▶ **What this task involves**: Every picture is to be removed, and all the data is to be copied exactly.

▶ **Data for analysis**:

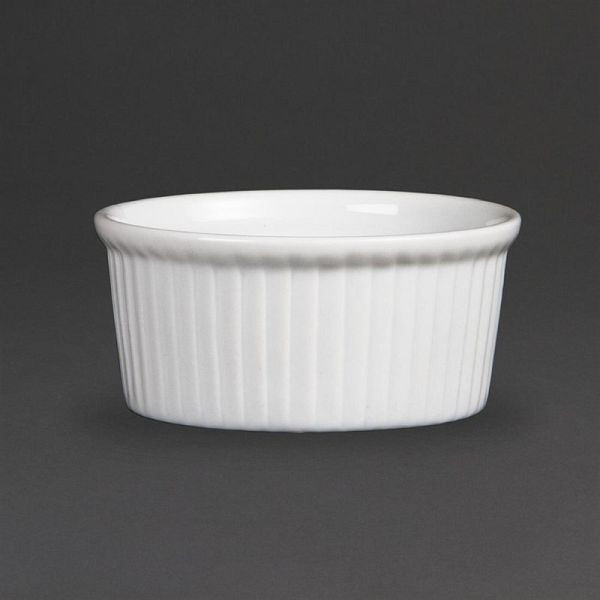 Olympia Whiteware Auflaufförmchen 8,5cm, VE: 12 Stück, W432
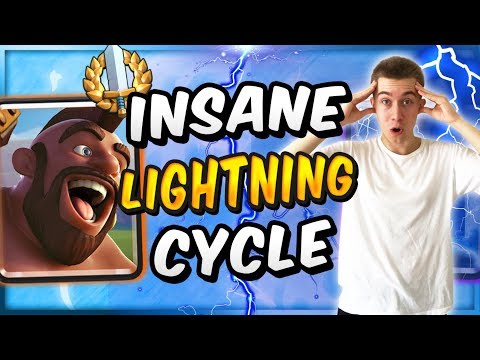 NEW LIGHTNING META! Fast Hog Rider Cycle Deck — Clash Royale
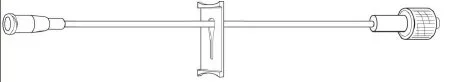 Baxter Extension Set 6 Inch 0.3 mL Priming Volume DEHP-Free – 2N1194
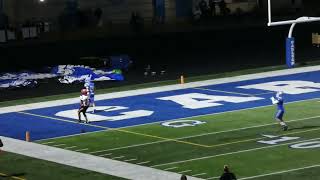 24 McBrideCB pass coverage vs Orchard Lake State Playoffs [upl. by Frodina]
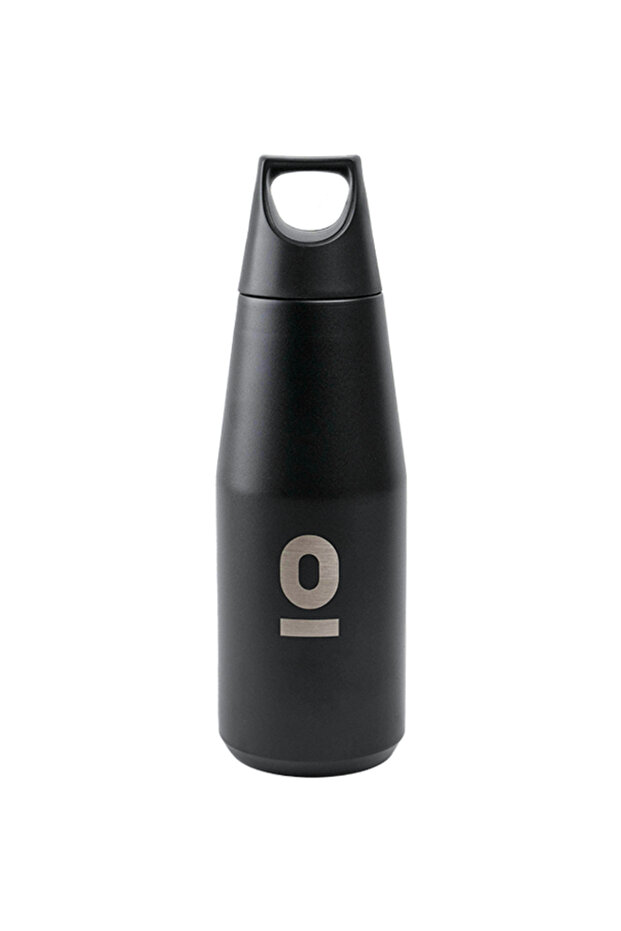 Paslanmaz Çelik Siyah Şişe Termos 550 ml No:67 - 1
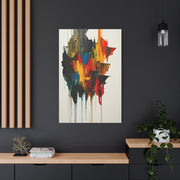 Multicolor Drip Abstract Wall Art & Canvas Prints
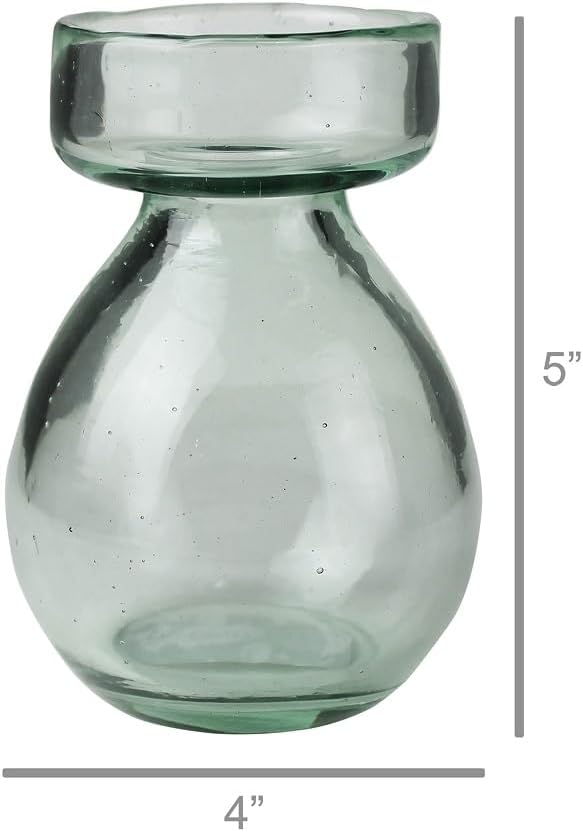 HomArt Recycled Glass Bulb Vase, Clear, 1-Count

▶ **Exercise response**:
 Olympia Whiteware Auflaufförmchen 8,5cm, VE: 12 Stück, W432
 NEW LIGHTNING META! Fast Hog Rider Cycle Deck — Clash Royale
 Baxter Extension Set 6 Inch 0.3 mL Priming Volume DEHP-Free – 2N1194
 24 McBrideCB pass coverage vs Orchard Lake State Playoffs [upl. by Frodina]
 Paslanmaz Çelik Siyah Şişe Termos 550 ml No:67 - 1
 Multicolor Drip Abstract Wall Art & Canvas Prints
 HomArt Recycled Glass Bulb Vase, Clear, 1-Count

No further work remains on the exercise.